• [INSTRUCTIONS FOR THE TASK]: Return every record below exactly.

• [DATA RECORDS]:
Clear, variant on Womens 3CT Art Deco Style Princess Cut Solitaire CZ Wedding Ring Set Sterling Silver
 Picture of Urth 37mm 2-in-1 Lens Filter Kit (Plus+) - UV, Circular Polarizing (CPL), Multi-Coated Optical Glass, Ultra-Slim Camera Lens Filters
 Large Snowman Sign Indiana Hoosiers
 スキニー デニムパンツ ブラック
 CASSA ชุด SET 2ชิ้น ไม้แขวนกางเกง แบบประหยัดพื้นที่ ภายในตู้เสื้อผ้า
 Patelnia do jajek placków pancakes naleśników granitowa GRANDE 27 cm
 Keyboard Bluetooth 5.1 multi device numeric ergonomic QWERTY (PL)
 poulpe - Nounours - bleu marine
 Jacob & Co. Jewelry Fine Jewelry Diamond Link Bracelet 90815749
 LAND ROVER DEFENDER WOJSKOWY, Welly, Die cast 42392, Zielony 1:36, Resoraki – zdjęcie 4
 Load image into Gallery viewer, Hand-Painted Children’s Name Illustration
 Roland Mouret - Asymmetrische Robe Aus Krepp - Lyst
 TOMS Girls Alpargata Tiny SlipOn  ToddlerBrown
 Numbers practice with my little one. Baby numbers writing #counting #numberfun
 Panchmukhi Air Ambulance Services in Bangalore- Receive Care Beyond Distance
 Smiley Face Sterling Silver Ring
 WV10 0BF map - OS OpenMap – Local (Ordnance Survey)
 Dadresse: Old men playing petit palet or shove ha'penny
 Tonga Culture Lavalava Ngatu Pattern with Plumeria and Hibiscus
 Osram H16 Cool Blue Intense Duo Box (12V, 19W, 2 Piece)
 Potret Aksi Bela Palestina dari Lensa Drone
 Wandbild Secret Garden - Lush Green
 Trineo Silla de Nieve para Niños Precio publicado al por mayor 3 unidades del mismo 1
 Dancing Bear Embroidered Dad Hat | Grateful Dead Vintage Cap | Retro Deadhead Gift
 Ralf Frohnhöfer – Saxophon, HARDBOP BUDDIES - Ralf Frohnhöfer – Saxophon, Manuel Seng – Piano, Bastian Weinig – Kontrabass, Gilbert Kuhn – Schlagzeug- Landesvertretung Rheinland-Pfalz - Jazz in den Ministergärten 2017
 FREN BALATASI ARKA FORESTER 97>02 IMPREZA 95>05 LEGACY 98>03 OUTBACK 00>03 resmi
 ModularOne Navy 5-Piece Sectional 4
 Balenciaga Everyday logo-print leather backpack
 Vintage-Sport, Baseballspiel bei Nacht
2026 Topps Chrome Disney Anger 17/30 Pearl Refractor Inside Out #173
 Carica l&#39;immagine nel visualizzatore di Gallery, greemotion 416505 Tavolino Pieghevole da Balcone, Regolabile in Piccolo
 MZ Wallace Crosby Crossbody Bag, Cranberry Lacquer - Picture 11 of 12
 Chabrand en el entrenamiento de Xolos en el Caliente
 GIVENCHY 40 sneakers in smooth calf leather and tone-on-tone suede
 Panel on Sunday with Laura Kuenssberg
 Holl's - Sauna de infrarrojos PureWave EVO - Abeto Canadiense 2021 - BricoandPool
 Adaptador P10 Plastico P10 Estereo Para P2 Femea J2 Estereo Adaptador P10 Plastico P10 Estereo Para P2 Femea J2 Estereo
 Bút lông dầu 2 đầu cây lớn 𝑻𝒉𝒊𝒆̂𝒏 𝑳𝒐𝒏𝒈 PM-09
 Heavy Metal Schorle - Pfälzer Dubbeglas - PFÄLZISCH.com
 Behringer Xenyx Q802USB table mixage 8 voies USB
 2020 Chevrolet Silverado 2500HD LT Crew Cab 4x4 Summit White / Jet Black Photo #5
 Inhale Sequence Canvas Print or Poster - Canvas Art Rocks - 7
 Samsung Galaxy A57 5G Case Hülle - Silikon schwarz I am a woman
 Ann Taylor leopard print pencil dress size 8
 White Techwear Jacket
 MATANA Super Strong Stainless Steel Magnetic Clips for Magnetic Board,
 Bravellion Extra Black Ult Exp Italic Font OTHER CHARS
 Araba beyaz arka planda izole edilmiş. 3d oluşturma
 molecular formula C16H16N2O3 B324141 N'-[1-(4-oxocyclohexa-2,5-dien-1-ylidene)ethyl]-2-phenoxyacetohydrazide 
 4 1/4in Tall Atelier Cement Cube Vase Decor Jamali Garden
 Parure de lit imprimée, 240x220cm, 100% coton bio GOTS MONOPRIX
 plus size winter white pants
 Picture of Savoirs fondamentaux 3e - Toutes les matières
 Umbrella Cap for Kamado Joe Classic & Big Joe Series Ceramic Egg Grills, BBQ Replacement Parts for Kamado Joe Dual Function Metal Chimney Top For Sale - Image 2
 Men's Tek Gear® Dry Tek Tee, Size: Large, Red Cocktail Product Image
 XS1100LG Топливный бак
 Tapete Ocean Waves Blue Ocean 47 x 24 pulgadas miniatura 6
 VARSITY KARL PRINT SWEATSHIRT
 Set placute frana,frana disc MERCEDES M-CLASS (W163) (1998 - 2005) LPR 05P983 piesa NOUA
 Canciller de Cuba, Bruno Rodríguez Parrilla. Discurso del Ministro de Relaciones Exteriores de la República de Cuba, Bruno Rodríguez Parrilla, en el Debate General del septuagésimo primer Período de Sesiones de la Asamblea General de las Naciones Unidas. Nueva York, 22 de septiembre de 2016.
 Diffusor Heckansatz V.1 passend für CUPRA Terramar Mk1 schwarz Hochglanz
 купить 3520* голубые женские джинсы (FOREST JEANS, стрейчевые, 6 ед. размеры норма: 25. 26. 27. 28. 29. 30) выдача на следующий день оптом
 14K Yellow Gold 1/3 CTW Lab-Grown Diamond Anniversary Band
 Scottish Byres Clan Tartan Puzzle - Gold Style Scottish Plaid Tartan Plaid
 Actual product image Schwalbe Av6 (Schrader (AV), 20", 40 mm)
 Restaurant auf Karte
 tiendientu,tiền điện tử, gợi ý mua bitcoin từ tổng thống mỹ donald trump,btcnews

• [EXERCISE SOLUTION]:
Clear, variant on Womens 3CT Art Deco Style Princess Cut Solitaire CZ Wedding Ring Set Sterling Silver
 Picture of Urth 37mm 2-in-1 Lens Filter Kit (Plus+) - UV, Circular Polarizing (CPL), Multi-Coated Optical Glass, Ultra-Slim Camera Lens Filters
 Large Snowman Sign Indiana Hoosiers
 スキニー デニムパンツ ブラック
 CASSA ชุด SET 2ชิ้น ไม้แขวนกางเกง แบบประหยัดพื้นที่ ภายในตู้เสื้อผ้า
 Patelnia do jajek placków pancakes naleśników granitowa GRANDE 27 cm
 Keyboard Bluetooth 5.1 multi device numeric ergonomic QWERTY (PL)
 poulpe - Nounours - bleu marine
 Jacob & Co. Jewelry Fine Jewelry Diamond Link Bracelet 90815749
 LAND ROVER DEFENDER WOJSKOWY, Welly, Die cast 42392, Zielony 1:36, Resoraki – zdjęcie 4
 Load image into Gallery viewer, Hand-Painted Children’s Name Illustration
 Roland Mouret - Asymmetrische Robe Aus Krepp - Lyst
 TOMS Girls Alpargata Tiny SlipOn  ToddlerBrown
 Numbers practice with my little one. Baby numbers writing #counting #numberfun
 Panchmukhi Air Ambulance Services in Bangalore- Receive Care Beyond Distance
 Smiley Face Sterling Silver Ring
 WV10 0BF map - OS OpenMap – Local (Ordnance Survey)
 Dadresse: Old men playing petit palet or shove ha'penny
 Tonga Culture Lavalava Ngatu Pattern with Plumeria and Hibiscus
 Osram H16 Cool Blue Intense Duo Box (12V, 19W, 2 Piece)
 Potret Aksi Bela Palestina dari Lensa Drone
 Wandbild Secret Garden - Lush Green
 Trineo Silla de Nieve para Niños Precio publicado al por mayor 3 unidades del mismo 1
 Dancing Bear Embroidered Dad Hat | Grateful Dead Vintage Cap | Retro Deadhead Gift
 Ralf Frohnhöfer – Saxophon, HARDBOP BUDDIES - Ralf Frohnhöfer – Saxophon, Manuel Seng – Piano, Bastian Weinig – Kontrabass, Gilbert Kuhn – Schlagzeug- Landesvertretung Rheinland-Pfalz - Jazz in den Ministergärten 2017
 FREN BALATASI ARKA FORESTER 97>02 IMPREZA 95>05 LEGACY 98>03 OUTBACK 00>03 resmi
 ModularOne Navy 5-Piece Sectional 4
 Balenciaga Everyday logo-print leather backpack
 Vintage-Sport, Baseballspiel bei Nacht
2026 Topps Chrome Disney Anger 17/30 Pearl Refractor Inside Out #173
 Carica l&#39;immagine nel visualizzatore di Gallery, greemotion 416505 Tavolino Pieghevole da Balcone, Regolabile in Piccolo
 MZ Wallace Crosby Crossbody Bag, Cranberry Lacquer - Picture 11 of 12
 Chabrand en el entrenamiento de Xolos en el Caliente
 GIVENCHY 40 sneakers in smooth calf leather and tone-on-tone suede
 Panel on Sunday with Laura Kuenssberg
 Holl's - Sauna de infrarrojos PureWave EVO - Abeto Canadiense 2021 - BricoandPool
 Adaptador P10 Plastico P10 Estereo Para P2 Femea J2 Estereo Adaptador P10 Plastico P10 Estereo Para P2 Femea J2 Estereo
 Bút lông dầu 2 đầu cây lớn 𝑻𝒉𝒊𝒆̂𝒏 𝑳𝒐𝒏𝒈 PM-09
 Heavy Metal Schorle - Pfälzer Dubbeglas - PFÄLZISCH.com
 Behringer Xenyx Q802USB table mixage 8 voies USB
 2020 Chevrolet Silverado 2500HD LT Crew Cab 4x4 Summit White / Jet Black Photo #5
 Inhale Sequence Canvas Print or Poster - Canvas Art Rocks - 7
 Samsung Galaxy A57 5G Case Hülle - Silikon schwarz I am a woman
 Ann Taylor leopard print pencil dress size 8
 White Techwear Jacket
 MATANA Super Strong Stainless Steel Magnetic Clips for Magnetic Board,
 Bravellion Extra Black Ult Exp Italic Font OTHER CHARS
 Araba beyaz arka planda izole edilmiş. 3d oluşturma
 molecular formula C16H16N2O3 B324141 N'-[1-(4-oxocyclohexa-2,5-dien-1-ylidene)ethyl]-2-phenoxyacetohydrazide 
 4 1/4in Tall Atelier Cement Cube Vase Decor Jamali Garden
 Parure de lit imprimée, 240x220cm, 100% coton bio GOTS MONOPRIX
 plus size winter white pants
 Picture of Savoirs fondamentaux 3e - Toutes les matières
 Umbrella Cap for Kamado Joe Classic & Big Joe Series Ceramic Egg Grills, BBQ Replacement Parts for Kamado Joe Dual Function Metal Chimney Top For Sale - Image 2
 Men's Tek Gear® Dry Tek Tee, Size: Large, Red Cocktail Product Image
 XS1100LG Топливный бак
 Tapete Ocean Waves Blue Ocean 47 x 24 pulgadas miniatura 6
 VARSITY KARL PRINT SWEATSHIRT
 Set placute frana,frana disc MERCEDES M-CLASS (W163) (1998 - 2005) LPR 05P983 piesa NOUA
 Canciller de Cuba, Bruno Rodríguez Parrilla. Discurso del Ministro de Relaciones Exteriores de la República de Cuba, Bruno Rodríguez Parrilla, en el Debate General del septuagésimo primer Período de Sesiones de la Asamblea General de las Naciones Unidas. Nueva York, 22 de septiembre de 2016.
 Diffusor Heckansatz V.1 passend für CUPRA Terramar Mk1 schwarz Hochglanz
 купить 3520* голубые женские джинсы (FOREST JEANS, стрейчевые, 6 ед. размеры норма: 25. 26. 27. 28. 29. 30) выдача на следующий день оптом
 14K Yellow Gold 1/3 CTW Lab-Grown Diamond Anniversary Band
 Scottish Byres Clan Tartan Puzzle - Gold Style Scottish Plaid Tartan Plaid
 Actual product image Schwalbe Av6 (Schrader (AV), 20", 40 mm)
 Restaurant auf Karte
 tiendientu,tiền điện tử, gợi ý mua bitcoin từ tổng thống mỹ donald trump,btcnews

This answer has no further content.